So I was reading this paper by Max Tegmark linked from another thread, and one particular thing he said-- although didn't really have anything to do specifically with the paper it was part of-- caught my eye:
So this is something I've actually seen expressed before, but this is the clearest expression of it I've ever seen. I wanted to ask a few (possibly stupid) questions about it.
1. A variation on this claim that I've seen is that each quantum-mechanical spin value corresponds to an irreducible representation of SU(2). Is this linked to Tegmark's claim that the irreducible representations of Poincare provide all the quantum numbers of a particle; and if so, how? I.E., is the idea that SU(2) is a subgroup of the Poincaré group or something (...err, is it?) and there is some way we can decompose the Poincare group into SU(2) and some other subgroups where each of the subgroups has irreducible representations which correspond to a different quantum number?

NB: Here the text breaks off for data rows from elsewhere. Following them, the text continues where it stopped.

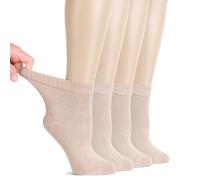 Hugh Ugoli Calzini Donna Diabetici in Bambù, 4 Paia, Calzini Corti Morbidi e Traspiranti, Extra Larghi per Caviglie Gonfie, Bordo Senza Elastico e Punta Senza Cuciture, Beige chiaro, Taglia 36-39
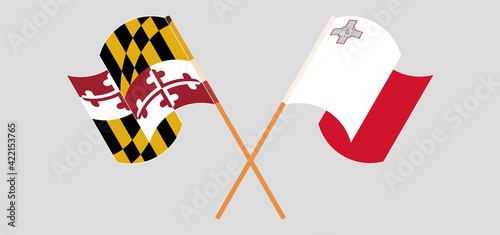 Crossed and waving flags of the State of Maryland and Malta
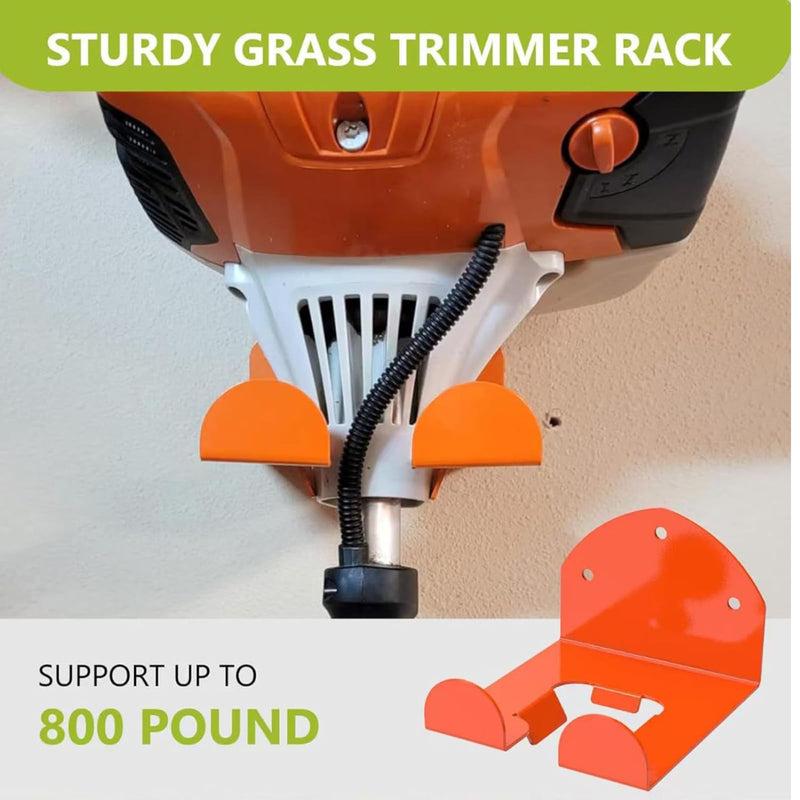 [AUSTRALIA] - Brush Cutter Holder, Wall Mount for Grass Trimmer, Garden Power Tool Hanger, with Matching Screws, for Garage Trimmer, Garden Tools - Orange 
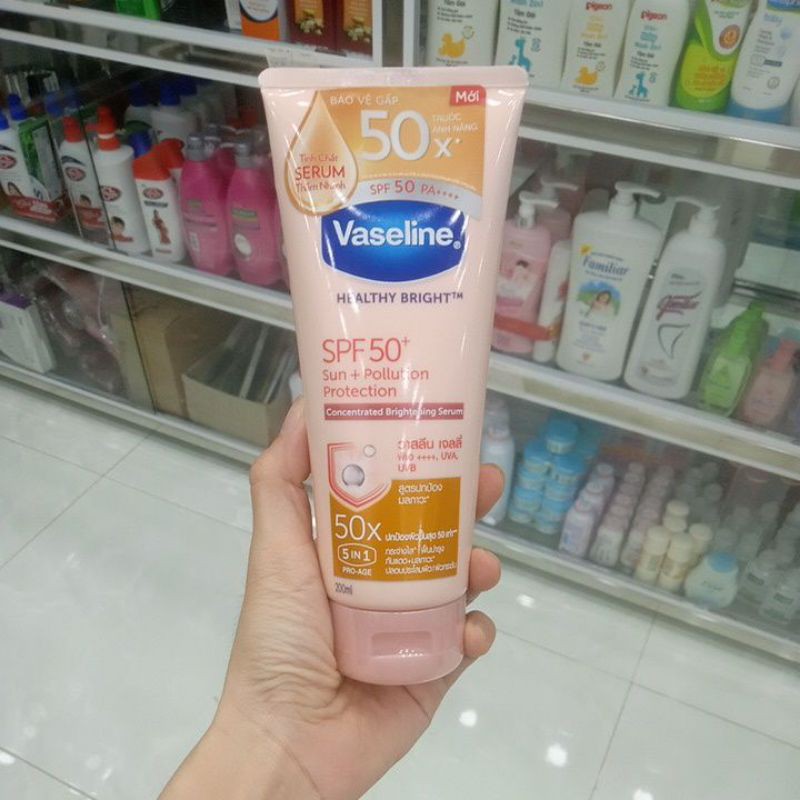 Vaseline 50x Serum chống nắng cơ thể SPF50 + dưỡng da sáng khoẻ 200ml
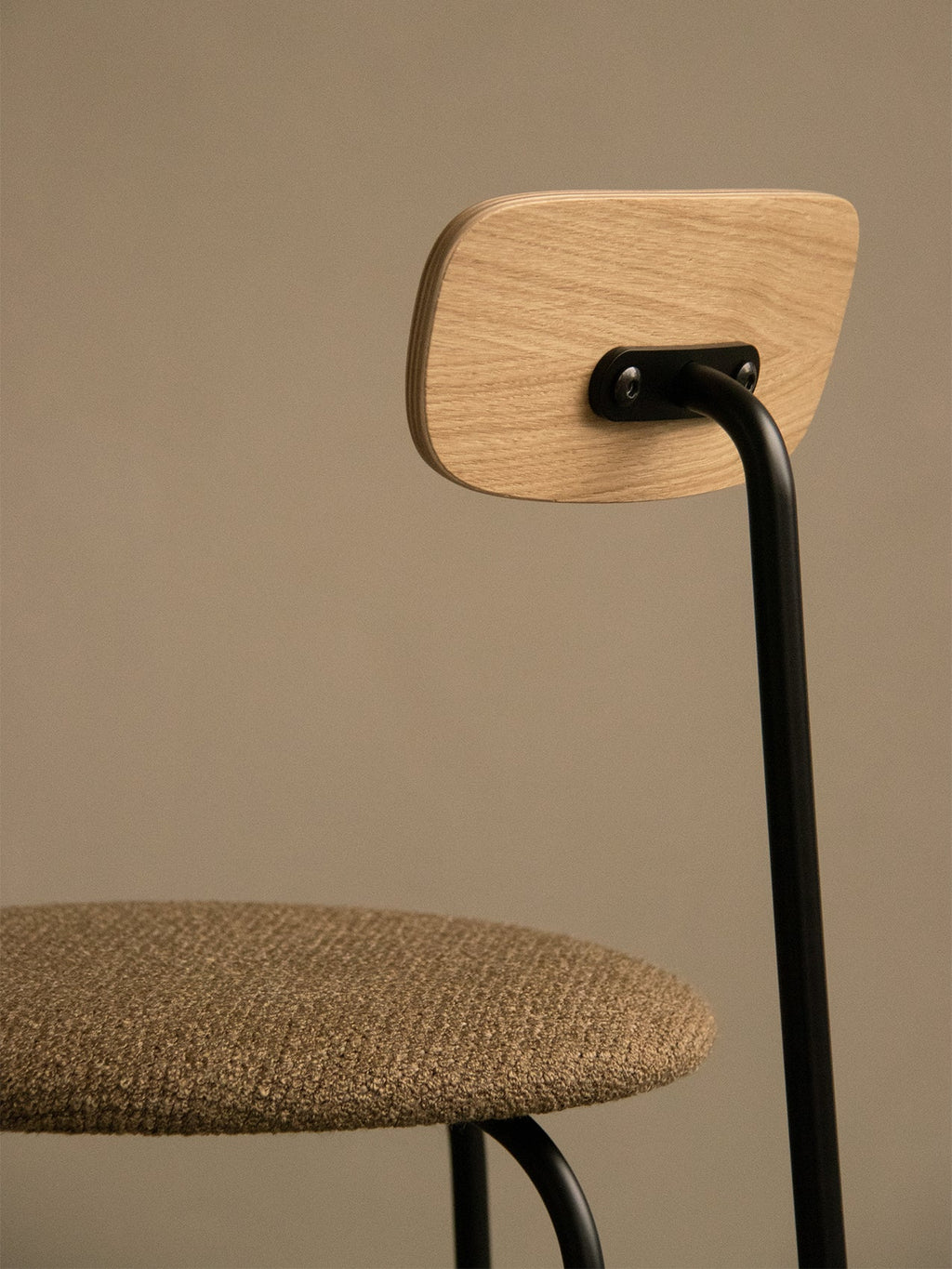 Dining Chair, Upholstered Seat ¨C Wood Veneer Back, Sleek Profile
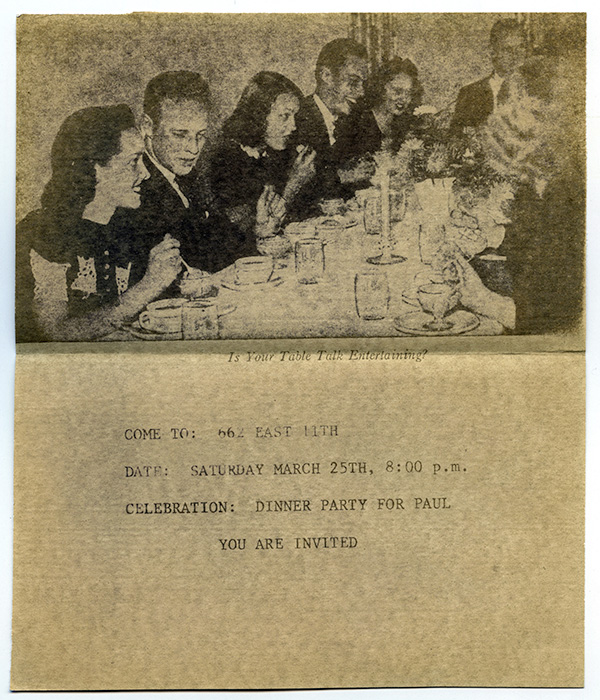 “Is Your Table Talk Entertaining?” dinner party invitation, no date, Courtesy of Paul Wong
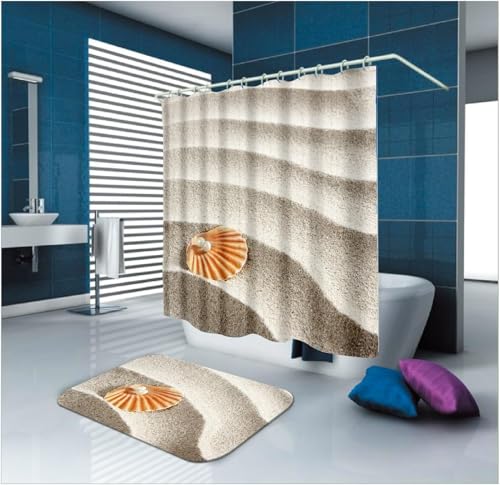 Muscheln Duschvorhang 90x180 cm Anti-Schimmel Wasserdicht Strandthema 3D Shower Curtain Polyester Stoff Waschbar Duschvorhänge für Badewanne Badezimmer C.478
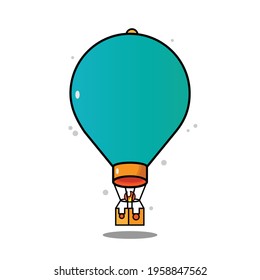 Flat hot air balloon illustration. Cartoon style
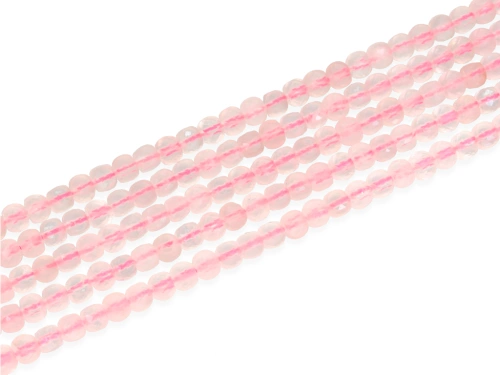 Kwarc różowy kostka fasetowana ok.4x4mm [~19cm]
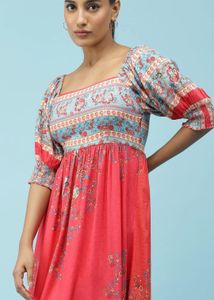 LABEL RITU KUMARPINK FLORAL PRINTED MAXI DRESS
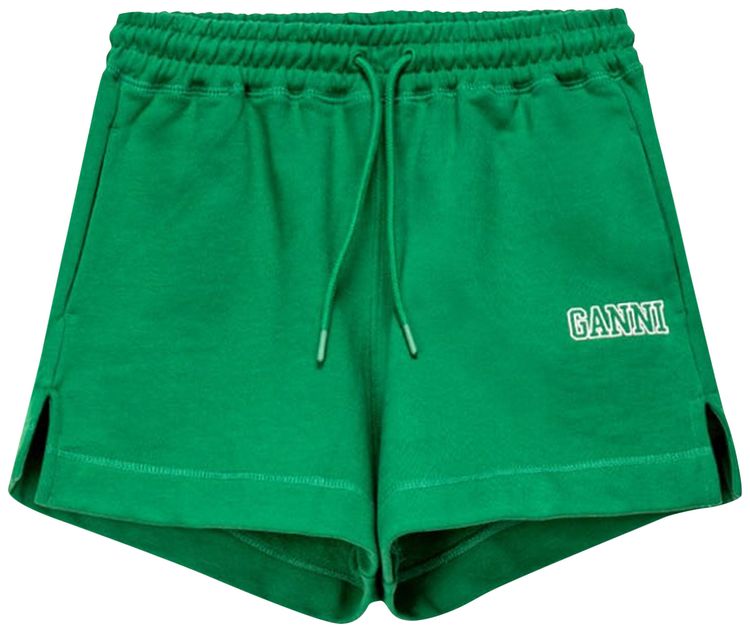 GANNI Software Isoli Drawstring Shorts Kelly Green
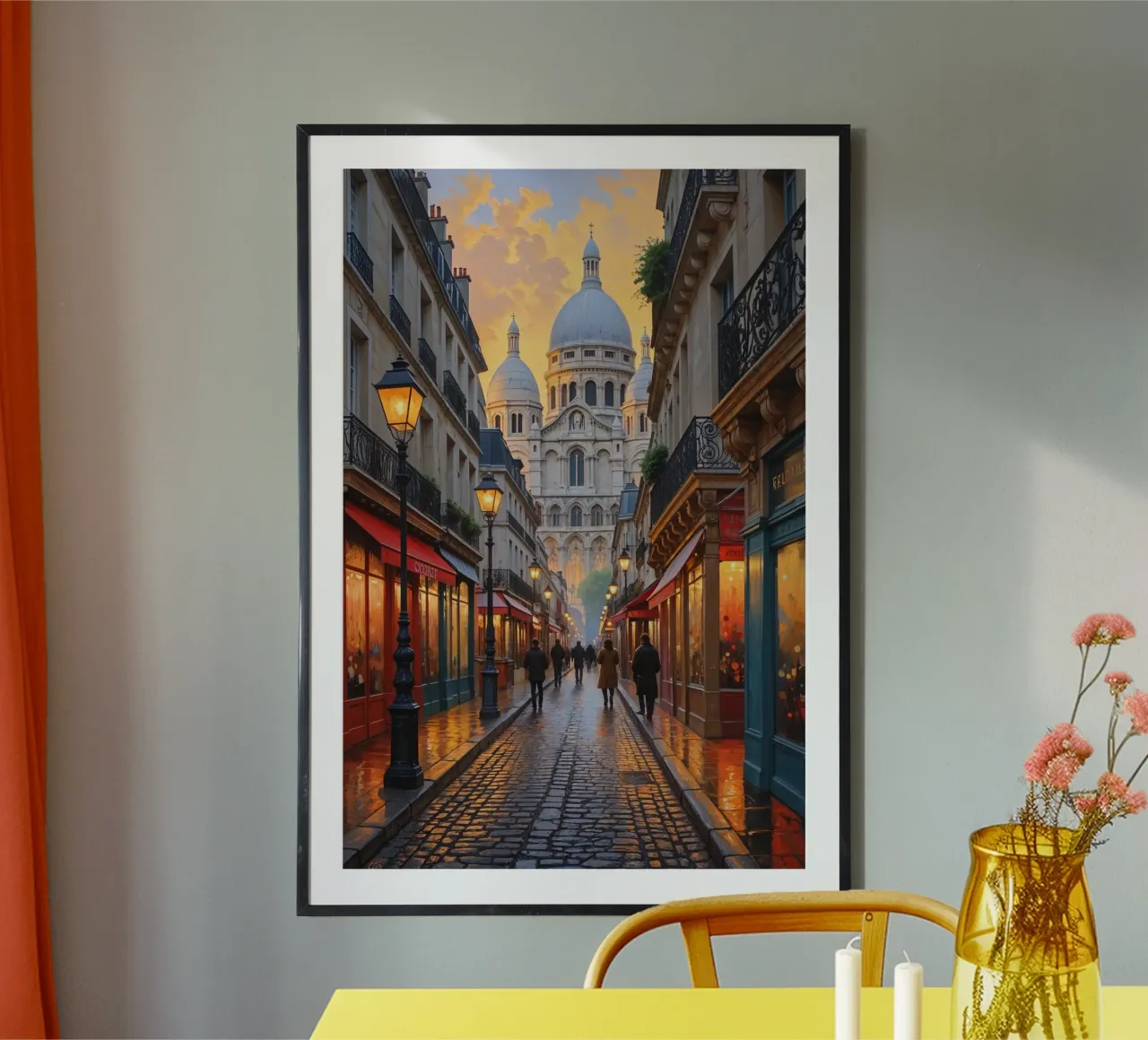 Sacré-Cœur Glow on Cobbled Parisian Streets carta hahnemühle da AlbertKlee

2. In general, would it be correct to say that the set of quantum numbers accessible to us is a consequence of the poincare group being the fundamental symmetry of our spacetime-- and if we lived in a spacetime with some other fundamental symmetry there would be different quantum numbers? Or is the way the quantum numbers line up with the poincare group largely coincidental? Say, what if we were to construct a toy model universe that had Lorentz group (which IS a subgroup of the Poincare group) symmetry, but not full Poincare symmetry-- would we "lose" some quantum number? (Which one?)
3. Are the quantum numbers resulting from the poincare group in any way fundamentally different from the quantum numbers resulting from the SU(3)xSU(2)xU(1) symmetries of the standard model gauge groups? (For example when we say "quantum numbers" in this context we just mean a conserved quantity right?)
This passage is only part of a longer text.